## [Directions for this task]
Upon reaching the line containing "Photo of Person", output that line and all remaining lines exactly, through the end of the entries, and output nothing before it.

## [Exercise data]

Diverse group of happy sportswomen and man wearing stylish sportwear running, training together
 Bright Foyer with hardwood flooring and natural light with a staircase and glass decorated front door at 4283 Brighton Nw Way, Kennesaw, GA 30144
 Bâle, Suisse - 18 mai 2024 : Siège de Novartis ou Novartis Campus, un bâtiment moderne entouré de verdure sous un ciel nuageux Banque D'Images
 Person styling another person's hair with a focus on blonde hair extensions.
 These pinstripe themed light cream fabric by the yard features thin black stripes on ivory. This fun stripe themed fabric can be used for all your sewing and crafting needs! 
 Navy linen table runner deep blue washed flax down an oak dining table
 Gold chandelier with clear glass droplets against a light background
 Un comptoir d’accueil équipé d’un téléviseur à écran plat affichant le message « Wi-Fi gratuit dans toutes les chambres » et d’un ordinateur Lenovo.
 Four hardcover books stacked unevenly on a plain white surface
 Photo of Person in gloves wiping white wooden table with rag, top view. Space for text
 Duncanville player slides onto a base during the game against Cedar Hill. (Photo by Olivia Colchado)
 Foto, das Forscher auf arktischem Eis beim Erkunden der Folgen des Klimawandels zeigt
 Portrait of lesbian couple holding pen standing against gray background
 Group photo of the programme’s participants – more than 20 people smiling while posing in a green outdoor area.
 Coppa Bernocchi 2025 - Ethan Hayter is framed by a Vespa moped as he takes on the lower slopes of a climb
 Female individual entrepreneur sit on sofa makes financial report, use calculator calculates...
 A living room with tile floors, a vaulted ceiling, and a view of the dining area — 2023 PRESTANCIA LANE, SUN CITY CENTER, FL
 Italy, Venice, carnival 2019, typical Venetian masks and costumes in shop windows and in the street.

## [Written solution]
 Photo of Person in gloves wiping white wooden table with rag, top view. Space for text
 Duncanville player slides onto a base during the game against Cedar Hill. (Photo by Olivia Colchado)
 Foto, das Forscher auf arktischem Eis beim Erkunden der Folgen des Klimawandels zeigt
 Portrait of lesbian couple holding pen standing against gray background
 Group photo of the programme’s participants – more than 20 people smiling while posing in a green outdoor area.
 Coppa Bernocchi 2025 - Ethan Hayter is framed by a Vespa moped as he takes on the lower slopes of a climb
 Female individual entrepreneur sit on sofa makes financial report, use calculator calculates...
 A living room with tile floors, a vaulted ceiling, and a view of the dining area — 2023 PRESTANCIA LANE, SUN CITY CENTER, FL
 Italy, Venice, carnival 2019, typical Venetian masks and costumes in shop windows and in the street.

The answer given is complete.